LIMINAIRE CSI 117 : VERS UNE CULTURE PARTENARIALE EN ÉGLISE

Dans l'Église comme dans la société, il est souvent question de partenariat. Dans de nombreux diocèses et instituts religieux, s'instaurent des relations de collaboration et d'affiliation qui tendent à évoluer vers des relations partenariales. En est-on pour autant rendu à édifier une culture partenariale, particulièrement en Église ? Devant la nouveauté de la question, les auteurs et auteures de ce numéro des Cahiers nous offrent quelques jalons de réflexion sur le concept de culture partenariale, ses fondements ecclésiologiques, théologiques et bibliques, l'examen de la pratique, son mouvement de progression, des stratégies de formation et l'exercice du discernement spirituel dans la mise en œuvre d'une telle culture.

Mais soyons réalistes : le partenariat n'est pas un acquis dans l'Église. Rien ne serait plus néfaste qu'une idéologie en Église qui consisterait à coiffer tout type de collaboration du titre de partenariat. Ceci ne ferait qu'accentuer une confusion qui va à l'encontre d'une culture partenariale et ainsi alimenter le statu quo. Le partenariat existe dans le cadre de relations appropriées. Aussi, la dynamique d'émergence d'une culture partenariale demande-t-elle de rendre la terre apte à produire ce qu'elle peut produire, de nourrir le feu ensemble… Cette mise en œuvre est complexe et prend du temps. Il s'agit moins d'établir des structures que de mettre en place des processus de connaissance et d'apprentissage pour penser différemment, instaurer de nouveaux rapports et agir en interdépendance (Denis R. Viel).

Favoriser la culture partenariale en Église, c'est favoriser l'humanisation, c'est enraciner son désir dans l'amour de ses frères et de ses sœurs. C'est confesser le déjà-là partenarial du projet divin de création (Marc Girard), c'est découvrir au cœur de la vie trinitaire, là où aucune personne ne peut exister sans les autres, le modèle de toute relation partenariale (Alice Gombault). C'est reconnaître que, dans l'Église, c'est la mission évangélique qui rend partenaires chrétiens et chrétiennes. (Micheline Laguë). C'est apprendre à « faire corps » autrement entre personnes baptisées se situant, de par leur vocation et leur mission, dans des états de vie, des ministères, des rôles et des fonctions diversifiées.

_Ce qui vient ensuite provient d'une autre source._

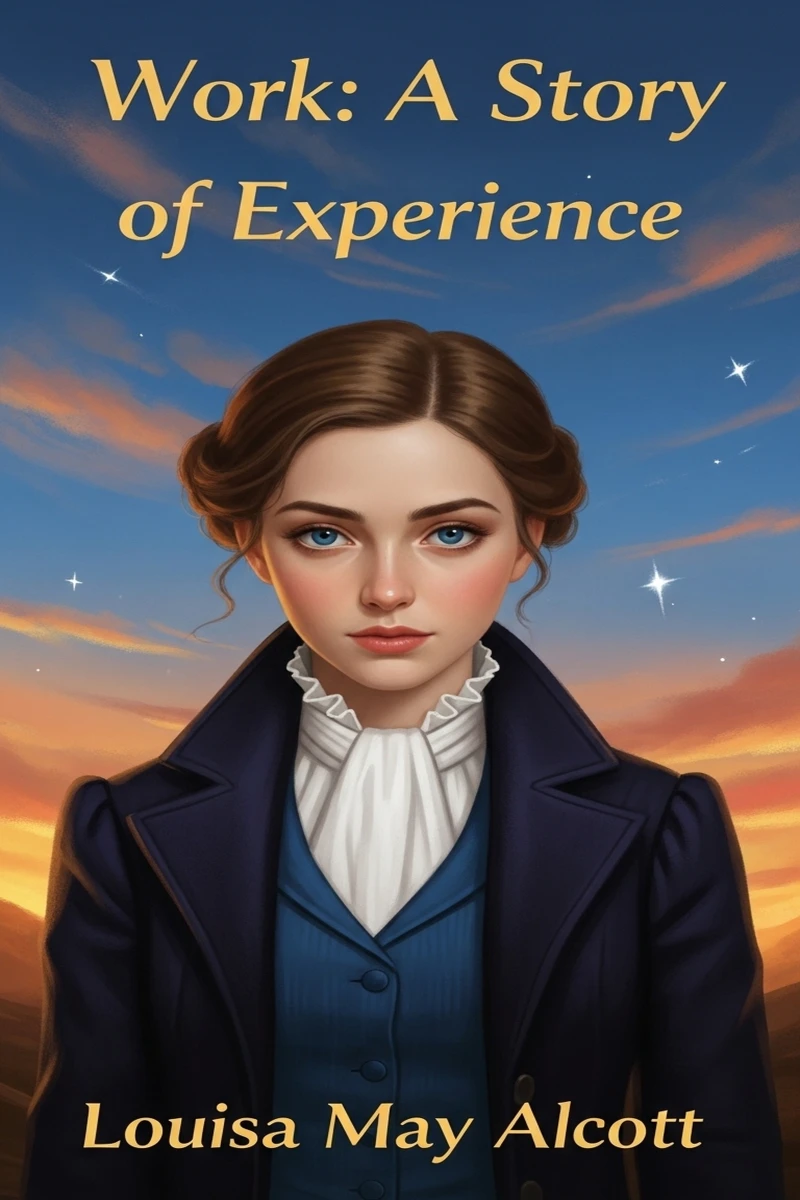 Portada: Work: A Story of Experience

Ce défi d'une culture partenariale se manifeste à travers les expériences vécues tant dans l'exercice des ministères ecclésiaux que dans l'établissement de relations d'affiliation entre laïques et religieux, religieuses, rejoint par un même charisme. Souvent exprimée en terme d'association, de collaboration, d'engagement, de coresponsabilité, de partenariat (Rolande Parrot), la relation partenariale en Église se forge dans l'être ensemble pour la mission. Denis Robitaille parle de rencontre et de dialogue avec la différence. Monseigneur Pierre Morissette insiste sur un « faire Église ensemble » où tous, de la personne bénévole jusqu'à l'évêque, sont conscients d'être au service d'une mission reçue. Hubert Mposo Makwanda rapporte quant à lui l'exemple de collaboration entre jésuites et non-jésuites de la Province du Canada français.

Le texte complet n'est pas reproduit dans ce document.